There’s no mistaking it, Honor Watch GS Pro is built to last.
It comes with a stainless-steel bezel ring and dial and a large body that feels quite chunky. A testament to its robustness is the fact that it has passed 14 different MIL-STD-810G tests. This includes the ability to withstand temperatures up to 70 celcius and down to minus 40 celsius, along with humidity-altitude resistance, salt spray, sand resistance, humidity resistance and the ability to cope with a bunch of other extreme conditions.
The rugged build means the watch comes in at 45.5 g without the removable fluoro-rubber strap. This is actually not that much considering its diameter is 48 millimeters. It is also less than the direct competition which comes in the form of the Garmin Fenix 6.
But the thing is quite thick (15mm+) so is a masculine watch. I really can’t see too many females opting to have one of these on their wrist.
Honor Watch GS Pro is as far as you can get from a fashionista timepiece. Such a device would be ideal for those that like trekking, outdoor exploring, mountain climbing, skiing, camping and similar outdoor activities. Or simply for those that like a large bodied smartwatch on their wrist. That’s what it’s built for.
As far as design, you get a choice between Marl White, Camo Blue and the one I have – Charcoal Black. They are identical in terms of everything apart from case and band color.
The display is quite good. Honor Watch GS Pro comes with a high-res AMOLED which has a diameter of 1.39 inches, 454 x 454 pixels (326 PPI). This comes with a choice of some nifty outdoor watch faces, some of which are animated. You get a bunch of them on the watch, while others can be installed via the smartphone app. The raised stainless steel bezel around the rim serves to protect it.

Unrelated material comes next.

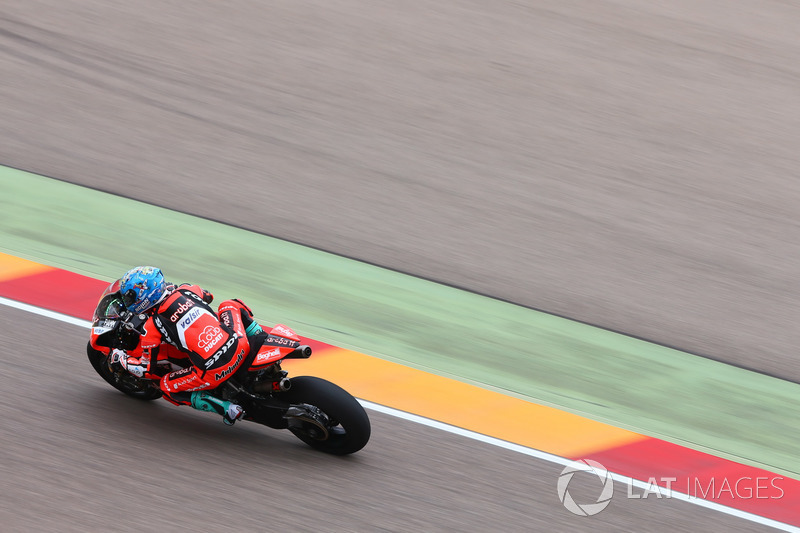 Marco Melandri, troisième, Aruba.it Racing-Ducati SBK Team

The screen is fully touch enabled and you navigate your way around by swiping up, left, right and down. There are also two stainless-steel, physical buttons on the side. They don’t stick out too much, but are easily accessible. The top one takes you through to a full scroll-down list of various options. The one underneath is a shortcut to starting exercises and choosing sports modes.
By default, the display is off. However you have a few options. One is to to define how long the screen stays on when in a woken up state, the other is the option to have an always on-display. In this case, the screen will toggle between two watch faces, a fully featured one and another one which shows limited info.
Of course, choosing this option will severely affect battery life. I opted to keep the watch-face off by default, but its nice to know the option for an always-on display is there if I want it. I can see that it can be useful in an outdoor environment, perhaps winter conditions, when you want to be able to glance down at any time to get basic info.
Inside is the body is built-in GPS/GLONASS. This allows the timepiece to provide a RouteBack function with breadcrumb navigation. There’s also an altitude barometer and compass for worry-free exploring and mountaineering.
Built-in GPS is the one important omission from Honor Watch ES. That one only has Connected GPS. The extra specs and rugged build mean HONOR Watch GS Pro is quite a bit more expensive than Watch ES. But it still costs less than the direct competition.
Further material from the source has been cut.